“Mi infancia son recuerdos / de un patio de Sevilla. / Y un huerto claro / donde madura el limonero”: Antonio Machado.
El Ave se desliza suavemente desde Atocha hasta Santa Justa, léase Madrid-Sevilla, en dos horas y media, rompiendo a casi 300 km/h mesetas de trigo y cebada todavía en tiernos verdes, olivares plateados, retazos de tierra roja ya lista para arar, viñedos, encinares, caseríos blancos, torreones incrustados en el tiempo, túneles que se adentran en las entrañas rocosas de Despeñaperros, dejando de lado Andújar, Linares y otras poblaciones de sierra, antes paradas obligadas del recorrido.
Llegar a Sevilla en plena Feria de Abril es sinónimo de poner a galopar el corazón y ensanchar las retinas. Es volver a maravillarse con esta ciudad donde la magia, la gracia, el salero y el duende conviven en cada rincón, en cada esquina, en cada patio surcado de naranjos y limoneros. Es palpar y respirar la alegría de vivir.
Caminar hacia La Torre del Oro, a la vera del Guadalquivir con sus aguas verdes en espera de algún poema, caminar paso a paso hasta la plaza de doña Elvira llena de naranjos y olor a azahar, bordear el barrio de Santa Cruz y husmear por esas callejuelas retorcidas que huelen a oliva, limón y especias; alzar la vista, detenerla en esos balcones de hierro forjado y atreverse a tocar las aldabas de alguna enorme puerta.
Sentarse en cualquier terraza en la calle, comerse una ración de “pescaítos” fritos, otra de ensaladilla rusa y algunas gambas al ajillo; observar paseantes que marchan garbosos, rebosantes de vida y de ganas sin importar edad ni condición social. Todos, sevillanos, turistas, jóvenes y viejos, se sienten hermanos de Feria, de primavera, hermanos de abril.
Cae la tarde. Llueve. No importa... miles caminamos hacia el recinto sagrado que tocará su clarín a las seis y media de la tarde: la plaza de toros de La Maestranza, el albero de Sevilla, para, envueltos en “chubasqueros” y bufandas, esperar ansiosos el paseíllo de matadores, subalternos, picadores revestidos de luces, luciendo sus capotes bordados en hilos de oro y plata.
La Maestranza. Blanca y ocre. Única en el mundo con su arena dorada morisca. Santuario de uno de los pleitos más antiguos de la humanidad: el encuentro del hombre y el toro de lidia. El encuentro que no admite medias tintas ni montajes. El encuentro del arte y el valor. El encuentro entre la vida y la muerte.
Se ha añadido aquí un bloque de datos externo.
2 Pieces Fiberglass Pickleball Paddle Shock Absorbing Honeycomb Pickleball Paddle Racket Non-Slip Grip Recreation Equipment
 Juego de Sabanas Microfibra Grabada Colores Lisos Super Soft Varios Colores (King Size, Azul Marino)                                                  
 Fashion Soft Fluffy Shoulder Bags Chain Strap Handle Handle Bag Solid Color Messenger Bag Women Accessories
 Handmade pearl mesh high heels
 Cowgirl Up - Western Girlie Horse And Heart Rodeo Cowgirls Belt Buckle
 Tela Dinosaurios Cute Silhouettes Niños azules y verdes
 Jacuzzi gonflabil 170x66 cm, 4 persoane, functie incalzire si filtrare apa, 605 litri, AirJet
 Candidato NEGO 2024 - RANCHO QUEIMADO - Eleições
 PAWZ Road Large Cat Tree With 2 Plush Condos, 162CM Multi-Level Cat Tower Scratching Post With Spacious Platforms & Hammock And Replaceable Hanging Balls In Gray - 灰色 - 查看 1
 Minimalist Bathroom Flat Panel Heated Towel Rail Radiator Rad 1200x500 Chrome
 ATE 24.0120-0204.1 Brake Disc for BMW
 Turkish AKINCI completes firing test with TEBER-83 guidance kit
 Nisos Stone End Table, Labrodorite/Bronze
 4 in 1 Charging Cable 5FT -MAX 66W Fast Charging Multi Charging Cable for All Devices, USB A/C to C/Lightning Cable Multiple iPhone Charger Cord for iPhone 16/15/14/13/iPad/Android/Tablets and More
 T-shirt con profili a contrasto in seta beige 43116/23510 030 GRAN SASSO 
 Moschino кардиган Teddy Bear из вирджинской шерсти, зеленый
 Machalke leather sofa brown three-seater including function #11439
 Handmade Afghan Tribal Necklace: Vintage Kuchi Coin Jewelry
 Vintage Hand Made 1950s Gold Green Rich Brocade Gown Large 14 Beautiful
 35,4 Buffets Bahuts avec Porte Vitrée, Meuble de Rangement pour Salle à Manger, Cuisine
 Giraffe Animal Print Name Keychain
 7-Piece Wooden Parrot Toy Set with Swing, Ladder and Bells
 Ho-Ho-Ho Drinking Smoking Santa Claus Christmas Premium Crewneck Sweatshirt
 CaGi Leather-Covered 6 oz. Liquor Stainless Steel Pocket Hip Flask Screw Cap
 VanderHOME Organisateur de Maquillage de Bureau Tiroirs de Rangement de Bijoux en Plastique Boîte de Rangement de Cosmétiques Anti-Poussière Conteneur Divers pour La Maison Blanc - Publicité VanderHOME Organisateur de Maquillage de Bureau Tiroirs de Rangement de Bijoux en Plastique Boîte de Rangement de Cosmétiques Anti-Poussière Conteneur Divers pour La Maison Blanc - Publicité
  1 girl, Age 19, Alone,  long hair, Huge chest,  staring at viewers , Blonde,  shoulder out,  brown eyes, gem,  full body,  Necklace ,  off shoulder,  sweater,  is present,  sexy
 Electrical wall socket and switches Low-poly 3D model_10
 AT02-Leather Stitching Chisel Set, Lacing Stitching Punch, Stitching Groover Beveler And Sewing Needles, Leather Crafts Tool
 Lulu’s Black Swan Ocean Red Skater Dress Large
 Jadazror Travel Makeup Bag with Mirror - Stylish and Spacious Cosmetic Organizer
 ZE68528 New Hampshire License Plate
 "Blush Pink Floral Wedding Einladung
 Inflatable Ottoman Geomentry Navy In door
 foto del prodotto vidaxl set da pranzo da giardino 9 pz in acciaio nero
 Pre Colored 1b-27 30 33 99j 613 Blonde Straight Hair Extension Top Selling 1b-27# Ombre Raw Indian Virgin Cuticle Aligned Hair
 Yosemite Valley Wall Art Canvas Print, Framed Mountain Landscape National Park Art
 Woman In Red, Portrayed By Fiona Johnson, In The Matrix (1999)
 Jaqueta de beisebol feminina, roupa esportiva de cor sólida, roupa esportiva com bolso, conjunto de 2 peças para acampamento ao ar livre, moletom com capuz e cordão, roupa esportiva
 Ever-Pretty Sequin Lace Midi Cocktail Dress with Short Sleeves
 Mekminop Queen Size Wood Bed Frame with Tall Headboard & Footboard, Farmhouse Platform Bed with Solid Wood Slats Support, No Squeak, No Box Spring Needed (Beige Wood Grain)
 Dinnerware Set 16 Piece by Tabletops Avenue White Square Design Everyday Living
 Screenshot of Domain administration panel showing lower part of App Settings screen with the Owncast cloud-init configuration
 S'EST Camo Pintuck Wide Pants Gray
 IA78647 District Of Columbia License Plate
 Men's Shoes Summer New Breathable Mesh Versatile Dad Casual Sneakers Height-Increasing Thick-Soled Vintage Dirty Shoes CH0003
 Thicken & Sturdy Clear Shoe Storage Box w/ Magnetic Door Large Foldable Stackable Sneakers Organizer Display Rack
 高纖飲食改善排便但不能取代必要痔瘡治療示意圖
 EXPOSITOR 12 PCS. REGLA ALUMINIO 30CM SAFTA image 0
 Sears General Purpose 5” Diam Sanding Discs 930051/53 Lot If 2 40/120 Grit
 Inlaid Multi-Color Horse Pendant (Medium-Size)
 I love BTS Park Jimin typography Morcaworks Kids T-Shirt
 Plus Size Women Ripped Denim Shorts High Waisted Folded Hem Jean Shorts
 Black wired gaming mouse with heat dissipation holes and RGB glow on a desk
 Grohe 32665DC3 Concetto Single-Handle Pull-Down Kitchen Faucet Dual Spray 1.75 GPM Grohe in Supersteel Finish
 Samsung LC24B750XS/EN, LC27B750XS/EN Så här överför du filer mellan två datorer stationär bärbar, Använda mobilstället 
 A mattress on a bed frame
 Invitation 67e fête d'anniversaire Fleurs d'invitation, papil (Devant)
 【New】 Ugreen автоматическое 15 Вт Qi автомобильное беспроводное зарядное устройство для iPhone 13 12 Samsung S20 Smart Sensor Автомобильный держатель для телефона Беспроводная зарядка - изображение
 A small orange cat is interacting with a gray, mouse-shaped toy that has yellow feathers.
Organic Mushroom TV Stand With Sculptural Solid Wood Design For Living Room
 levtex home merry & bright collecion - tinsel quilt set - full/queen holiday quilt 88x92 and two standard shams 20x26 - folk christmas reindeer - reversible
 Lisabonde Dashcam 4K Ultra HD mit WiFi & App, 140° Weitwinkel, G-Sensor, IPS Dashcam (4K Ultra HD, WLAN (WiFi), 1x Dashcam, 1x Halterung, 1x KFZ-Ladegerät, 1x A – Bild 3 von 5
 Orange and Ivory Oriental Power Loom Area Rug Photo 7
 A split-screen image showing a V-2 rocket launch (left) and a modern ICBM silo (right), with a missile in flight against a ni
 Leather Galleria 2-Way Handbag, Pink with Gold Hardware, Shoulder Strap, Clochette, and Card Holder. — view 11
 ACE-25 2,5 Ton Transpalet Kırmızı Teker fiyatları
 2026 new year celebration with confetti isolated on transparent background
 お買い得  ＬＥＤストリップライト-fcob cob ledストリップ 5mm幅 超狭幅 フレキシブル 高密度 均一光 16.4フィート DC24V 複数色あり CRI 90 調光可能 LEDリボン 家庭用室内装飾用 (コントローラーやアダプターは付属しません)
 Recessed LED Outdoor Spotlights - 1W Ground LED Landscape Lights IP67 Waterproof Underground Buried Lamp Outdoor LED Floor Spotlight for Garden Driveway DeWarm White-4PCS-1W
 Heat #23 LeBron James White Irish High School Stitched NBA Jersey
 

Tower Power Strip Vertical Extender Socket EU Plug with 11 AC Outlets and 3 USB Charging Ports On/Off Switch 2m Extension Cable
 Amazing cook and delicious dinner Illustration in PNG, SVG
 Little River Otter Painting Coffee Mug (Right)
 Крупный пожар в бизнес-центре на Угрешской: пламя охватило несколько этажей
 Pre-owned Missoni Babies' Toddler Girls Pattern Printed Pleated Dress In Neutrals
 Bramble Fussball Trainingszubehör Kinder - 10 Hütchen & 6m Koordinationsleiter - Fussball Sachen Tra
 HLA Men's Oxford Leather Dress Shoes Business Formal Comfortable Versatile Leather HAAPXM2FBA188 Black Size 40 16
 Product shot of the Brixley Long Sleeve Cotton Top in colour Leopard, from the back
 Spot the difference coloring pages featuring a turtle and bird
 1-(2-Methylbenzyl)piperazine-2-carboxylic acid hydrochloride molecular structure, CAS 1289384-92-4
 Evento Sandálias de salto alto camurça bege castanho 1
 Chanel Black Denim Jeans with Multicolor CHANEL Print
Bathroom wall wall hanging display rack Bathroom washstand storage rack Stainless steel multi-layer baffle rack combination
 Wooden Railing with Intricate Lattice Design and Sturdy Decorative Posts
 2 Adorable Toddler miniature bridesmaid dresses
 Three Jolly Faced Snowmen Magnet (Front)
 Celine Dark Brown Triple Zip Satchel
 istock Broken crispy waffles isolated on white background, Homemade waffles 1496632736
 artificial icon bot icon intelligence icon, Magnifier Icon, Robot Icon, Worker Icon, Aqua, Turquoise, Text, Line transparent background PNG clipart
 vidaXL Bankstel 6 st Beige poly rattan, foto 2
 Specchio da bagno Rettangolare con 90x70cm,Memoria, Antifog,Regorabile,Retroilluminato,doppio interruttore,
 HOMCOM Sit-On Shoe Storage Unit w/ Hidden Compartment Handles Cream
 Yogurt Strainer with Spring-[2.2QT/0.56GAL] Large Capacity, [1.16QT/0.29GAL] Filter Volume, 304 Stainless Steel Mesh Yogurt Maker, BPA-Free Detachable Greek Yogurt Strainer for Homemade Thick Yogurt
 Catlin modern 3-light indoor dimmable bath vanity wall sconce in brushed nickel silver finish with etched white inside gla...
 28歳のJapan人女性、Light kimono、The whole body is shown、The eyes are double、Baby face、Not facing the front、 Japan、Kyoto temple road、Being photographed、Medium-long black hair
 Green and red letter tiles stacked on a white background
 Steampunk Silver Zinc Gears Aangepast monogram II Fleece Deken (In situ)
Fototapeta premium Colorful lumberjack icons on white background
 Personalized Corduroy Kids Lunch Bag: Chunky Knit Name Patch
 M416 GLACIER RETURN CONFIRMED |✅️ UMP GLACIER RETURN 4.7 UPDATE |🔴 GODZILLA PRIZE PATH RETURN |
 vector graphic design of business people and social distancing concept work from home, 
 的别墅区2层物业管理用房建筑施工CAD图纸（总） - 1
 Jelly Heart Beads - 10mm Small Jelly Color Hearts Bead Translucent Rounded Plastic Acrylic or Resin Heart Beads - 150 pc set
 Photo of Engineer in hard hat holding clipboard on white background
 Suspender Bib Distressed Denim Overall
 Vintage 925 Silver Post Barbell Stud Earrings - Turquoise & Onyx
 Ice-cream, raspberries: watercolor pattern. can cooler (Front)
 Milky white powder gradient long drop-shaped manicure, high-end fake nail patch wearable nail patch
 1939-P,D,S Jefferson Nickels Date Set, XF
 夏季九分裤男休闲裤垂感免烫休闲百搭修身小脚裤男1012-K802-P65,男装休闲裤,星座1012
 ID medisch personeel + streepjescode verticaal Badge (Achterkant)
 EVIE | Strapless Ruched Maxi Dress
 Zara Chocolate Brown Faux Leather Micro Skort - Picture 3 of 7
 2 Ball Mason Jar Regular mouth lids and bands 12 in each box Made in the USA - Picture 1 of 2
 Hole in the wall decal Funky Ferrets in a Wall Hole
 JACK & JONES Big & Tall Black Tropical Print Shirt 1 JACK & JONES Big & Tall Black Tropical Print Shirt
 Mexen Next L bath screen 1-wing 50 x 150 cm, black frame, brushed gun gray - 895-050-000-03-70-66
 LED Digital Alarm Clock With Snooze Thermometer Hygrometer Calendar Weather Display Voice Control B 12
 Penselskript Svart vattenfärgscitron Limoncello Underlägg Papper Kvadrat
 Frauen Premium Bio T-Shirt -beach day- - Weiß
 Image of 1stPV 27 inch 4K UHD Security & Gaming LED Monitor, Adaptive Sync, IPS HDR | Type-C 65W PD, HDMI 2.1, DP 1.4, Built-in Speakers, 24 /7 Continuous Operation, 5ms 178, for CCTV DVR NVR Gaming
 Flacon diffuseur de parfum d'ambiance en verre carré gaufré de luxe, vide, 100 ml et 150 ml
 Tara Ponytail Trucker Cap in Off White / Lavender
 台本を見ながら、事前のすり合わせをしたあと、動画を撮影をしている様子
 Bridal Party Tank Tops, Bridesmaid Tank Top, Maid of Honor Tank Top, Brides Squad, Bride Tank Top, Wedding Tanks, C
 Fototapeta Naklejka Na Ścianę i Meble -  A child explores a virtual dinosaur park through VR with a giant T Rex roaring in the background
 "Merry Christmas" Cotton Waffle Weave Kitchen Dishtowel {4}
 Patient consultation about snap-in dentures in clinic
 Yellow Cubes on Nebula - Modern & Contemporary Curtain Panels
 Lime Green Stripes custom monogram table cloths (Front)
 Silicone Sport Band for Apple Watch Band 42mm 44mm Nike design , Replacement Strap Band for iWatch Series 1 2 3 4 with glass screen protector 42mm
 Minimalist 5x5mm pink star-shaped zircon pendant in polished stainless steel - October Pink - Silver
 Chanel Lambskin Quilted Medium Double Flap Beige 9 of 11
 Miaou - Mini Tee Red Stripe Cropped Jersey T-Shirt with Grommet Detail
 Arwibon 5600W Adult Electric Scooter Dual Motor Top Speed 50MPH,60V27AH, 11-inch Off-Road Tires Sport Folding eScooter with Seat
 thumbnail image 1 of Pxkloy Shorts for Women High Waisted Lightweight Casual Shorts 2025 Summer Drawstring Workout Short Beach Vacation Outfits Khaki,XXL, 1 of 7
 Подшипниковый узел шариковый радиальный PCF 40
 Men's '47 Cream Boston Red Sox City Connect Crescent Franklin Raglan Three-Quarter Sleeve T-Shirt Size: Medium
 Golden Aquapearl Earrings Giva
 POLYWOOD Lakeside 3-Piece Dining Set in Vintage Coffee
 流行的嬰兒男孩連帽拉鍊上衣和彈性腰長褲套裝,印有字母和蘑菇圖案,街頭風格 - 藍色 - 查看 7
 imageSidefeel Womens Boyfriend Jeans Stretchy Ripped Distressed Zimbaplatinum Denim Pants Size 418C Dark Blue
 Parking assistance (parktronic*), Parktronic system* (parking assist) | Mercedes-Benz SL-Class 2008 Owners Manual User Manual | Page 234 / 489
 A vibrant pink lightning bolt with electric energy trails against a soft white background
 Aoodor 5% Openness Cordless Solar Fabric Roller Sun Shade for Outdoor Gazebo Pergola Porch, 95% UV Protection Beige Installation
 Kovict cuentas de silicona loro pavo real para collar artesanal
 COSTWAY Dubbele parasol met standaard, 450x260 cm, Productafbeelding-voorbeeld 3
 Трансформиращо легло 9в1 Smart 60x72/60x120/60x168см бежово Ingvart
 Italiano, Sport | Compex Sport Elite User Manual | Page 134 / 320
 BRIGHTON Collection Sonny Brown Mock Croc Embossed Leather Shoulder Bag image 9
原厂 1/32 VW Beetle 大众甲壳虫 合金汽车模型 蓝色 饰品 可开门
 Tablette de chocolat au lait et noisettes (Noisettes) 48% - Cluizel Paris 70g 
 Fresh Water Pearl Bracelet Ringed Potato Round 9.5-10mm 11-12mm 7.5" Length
El instante mágico o la tragedia.
Manzanares en los medios. Su toro de casi 600 kilos. Midiéndose, conociéndose, estudiándose, para luego entregarse el uno al otro en un derroche de arte, bravura, valor y trapío. Los miles de espectadores pasando de un silencio absoluto y recogido a los rugidos de oleeés salidos de lo más profundo del alma y las palmas de las manos orquestando sinfonías de aplausos. La lluvia incesante se sumó a la fiesta y sus gotas caían acompasadas y contentas.
El Juli se dejó tocar por el duende sevillano y logró una faena de filigrana, pase a pase, toque a toque... bordando en elegancia fina una lidia inolvidable. Talavante derrochando valor y entrega absoluta. López Simón... y en rejones, Víctor Puerta en un caballo casi alado como el Pegaso de la leyenda, se lanzó sin cabezal para adornar a dos manos un par de banderillas impecables.
Al anochecer, con el Recinto Ferial ya encendido con sus casetas a rayas donde los señoritos y las manolas se dan cita al ritmo de sevillanas y castañuelas, pinchos, jerez y tempranilos, carrozas, peinetas y mantones, se sigue la fiesta de la vida, de la convivencia, de las flores y las guitarras, logrando el milagro por unos días de olvidar la demencia del odio, la muerte, los misiles y el terrorismo.
Gracias, Sevilla, por recordarnos que sí es posible convivir en alegría y paz. Como convivieron La Giralda morisca y la Catedral Gótica, los moros, los gitanos, los judíos y los cristianos. El Alcázar y la Macarena, el Cristo del Cachorro, gitano asesinado, y el Jesús del Gran Poder.